2. Materials and Method

2.1. Experiment design

Alamo switchgrass from a farm near Vonore, TN USA that was under contract with the Tennessee Biofuels Initiative was used for the study. The switchgrass was planted in 2009 and was managed following University of Tennessee fertility recommendations. Switchgrass was harvested after senescence in early February 2012 using a New Holland BB9080 large rectangular baler (1.2 × 0.9 × 2.4 m) without a cutter (New Holland Agriculture, New Holland, PA USA). Bales were moved to the Biomass Innovation Park, Vonore, TN and stored under cover. On 22-Feb-2012, switchgrass bales were broken open, the twine was removed, and the biomass was processed through a Vermeer TG5000 tub grinder (Vermeer Corporation, Pella, IA USA). After processing, switchgrass was sampled for moisture content and chemical composition and then conveyed to a BT3 baler (TLA Bale Tech LLC, South Orange, NJ USA)to be formed into large round bales (1.2 m [diameter] × 1.5 m [width]). All of the bales were wrapped in a high-density polyethylene (HDPE) 1.52 m-wide net encompassing the outside circumference, excluding the two ends, of the bale. Half of the bales were also wrapped in multiple layers of a linear low polyethylene (LLPE) 0.51 m- or 0.76 m-wide film that completely covers the bale and a has minimum tensile strength of 60 megapascals. The film created an anaerobic storage environment for the switchgrass. The pre-processed bales were weighed and stacked three bales high into storage on 23-Feb-2012 in a grass field.

The three storage treatments evaluated in the experiment were: 1) particle size of feedstock, 2) bale wrap, and 3) days in storage. The experiment was a split-split plot design with five replications. The whole plots included three particle sizes of baled switchgrass: 1) full length [~243.84 cm] (PS-1); 2) 7.62 cm (PS-2); and 3) 1.27-1.91 cm (PS-3). Particle sizes were determined and measured by the screen size on the tub grinder. Distributions of particle sizes were determined using a RO-TAP sieve analysis according to American Society of Agricultural Biological Engineers (ASABE) standards. The subplots treatments were the material the bales were wrapped in for storage: 1) wrapped using HDPE net (net), and 2) wrapped using HDPE net and LLPE film (net & film). The sub-subplots were days in storage with bales entering storage on 23-Feb-2012 and stored for 75, 150, or 225 days.

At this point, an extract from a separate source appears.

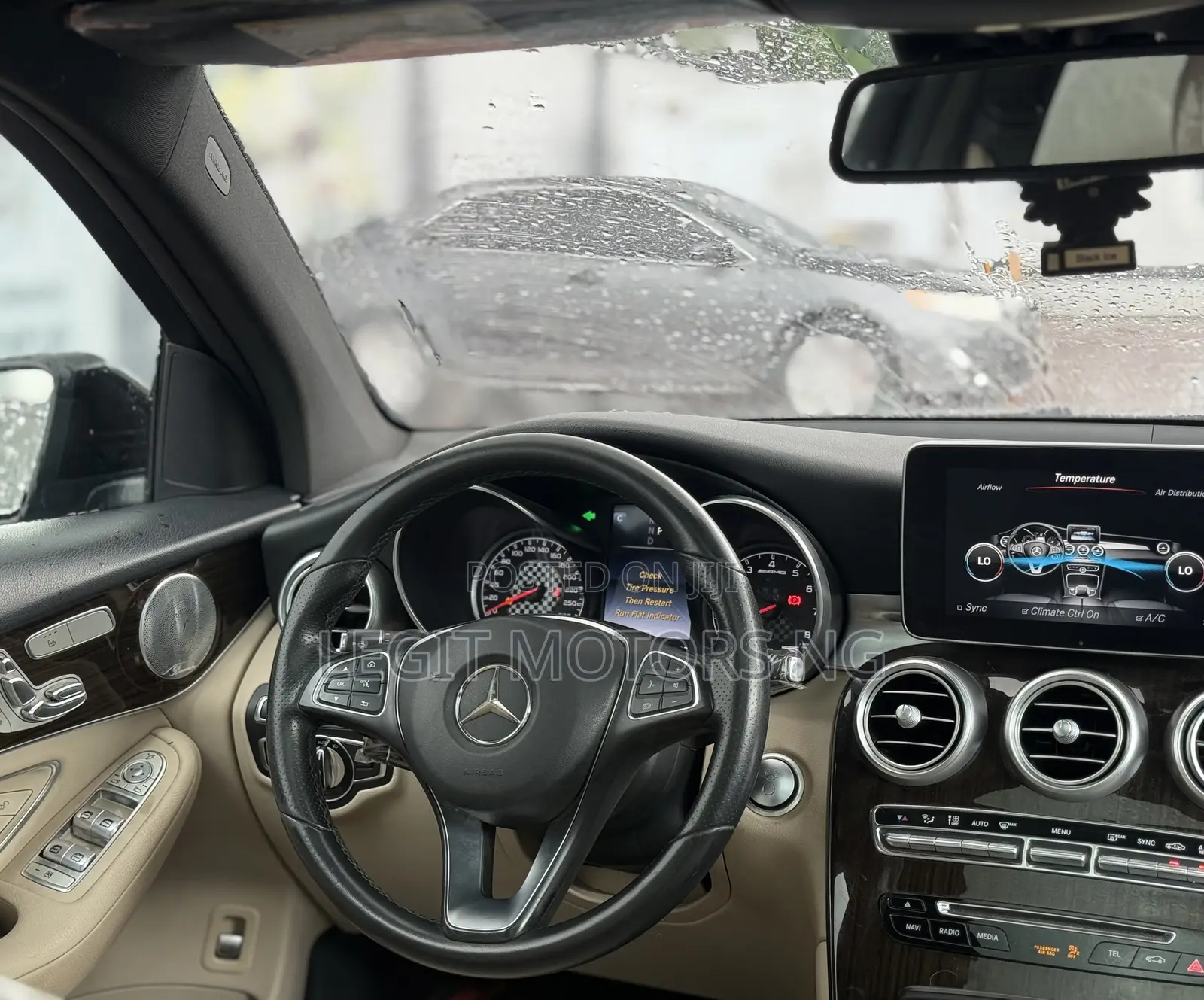 Mercedes-Benz GLC-Class 2017 Black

For each storage period, 30 bales (3 particle sizes × 2 wraps × 5 replications) from the top two rows of the stacks were weighed, destroyed, and the material was randomly sampled. Therefore, a composite of 180 samples was analyzed for chemical composition—90 samples taken before placement of bales into storage and 90 samples taken after placement of bales into storage. Monthly weather data from the closest weather station are shown in Figure 1 for the timeframe of the bale storage experiment. Supplementary information about the experimental design and pictures from the experiment can be found in Yu et al. [14]. Relative to the previous studies, the experiment was conducted in a location with higher average precipitation [5,12,13].

2.2. Chemical composition analysis

The 180 switchgrass samples were analyzed by the BioEnergy Science and Technology Unit in the Center for Renewable Carbon, University of Tennessee, Knoxville for the compositional analysis. Samples were ground with a Wiley mill to 40 mesh, randomly sorted and scanned by NIR spectroscopy using an Analytical Spectral Devices (ASD) Field Spectrometer at wavelengths between 350-2,500 nanometers. A high-intensity light source housed in a scanning chamber and positioned at a right angle to the sample surface and a fiber optic oriented at 60 degrees to the sample surface were used to collect reflectance spectra. Five spectra were collected for each sample in a 10 cm dish spinning at approximately 100 rpm, with 40 scans collected and averaged into each spectrum. The reflectance spectra were transferred from the ASD to the Unscrambler® v9.0 software (CAMO, Woodbride, NJ USA), converted to absorbance, and spectral replicates were averaged to reduce the size of the spectra matrix, reducing the time required for statistical analysis. The data were also reduced by averaging the spectra that were collected at 1 nm intervals to 4 nm intervals to reduce uncertainty and the effects of noise. A mean normalization was applied and normalized spectra were submitted to a multiplicative scatter correction in order to remove scatter effects, such as those caused by light scattering due to the physical nature of the biomass particles, as opposed to chemical composition.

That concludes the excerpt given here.